Data can be easily found but you have a first work to do to get information out of those data. I think we all can do that with enough dedication and it is useful for PALS and CALS because it helps us understand the disease and better adjust to it.

The next step is to digest that information into a proper knowledge. On such difficult matter, this is a lifetime work. If this is not your everyday work, the work you have been trained to do almost since you were in college, you can not compete.
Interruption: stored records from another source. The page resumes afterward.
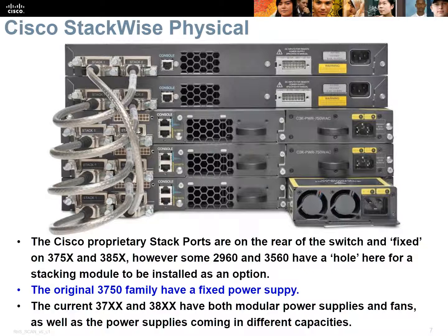Something really important that Cisco is leading the way on again is modularity at the back of the switch. This is a slightly older graphic showing the 3750 family. The top switches have a fixed power supply and fans, but the ones underneath have a modular fan and modular power supply, and the very bottom one shows you can buy an even bigger power supply. So if you've got a PoE switch providing phones and you want to upgrade to color phones, rather than throwing the whole switch away, you can just upgrade the power supply. Over 90% of all the switches I've replaced, the power supply has been the factor — so now they're modular, you just swap it out in five seconds.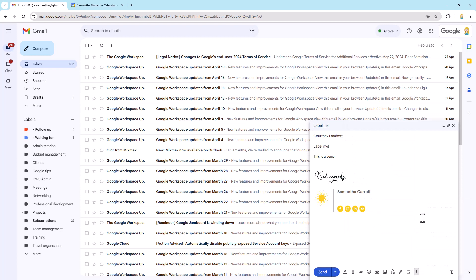Now what's a little bit deceiving is that you don't actually see the label anywhere on the message. You're like, oh, has it worked? But I'm going to send it in a minute and we're going to find out.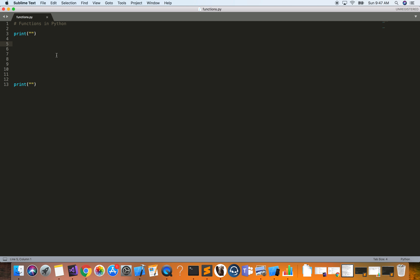We'll go ahead and learn first the syntax of a function. We start with the `def` keyword — as you can see, 'function' comes up, which means we're defining a function. The next step is to give it a name, and usually we want to give it a descriptive name so that when someone is reading our code, or when we come back to it, we know what this function is doing.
It is like building a tower. You put in place the foundations, then one floor after an other. If you do not have the proper foundations, you won’t be able to raise your tower more than 3 or 4 floors for example. This is not just putting one stone after an other. You are at the 5th floor, you realise you did not understood properly the 4th, you destroy your 5th and 4th floors and you rebuild. At the 6th floor, you realise you did not understood something in the foundations, you will destroy your entire tower and rebuild… To raise a 10 floors tower does not takes twice the time to raise a 5 floors tower but maybe 10 or 50 (just to illustrate)…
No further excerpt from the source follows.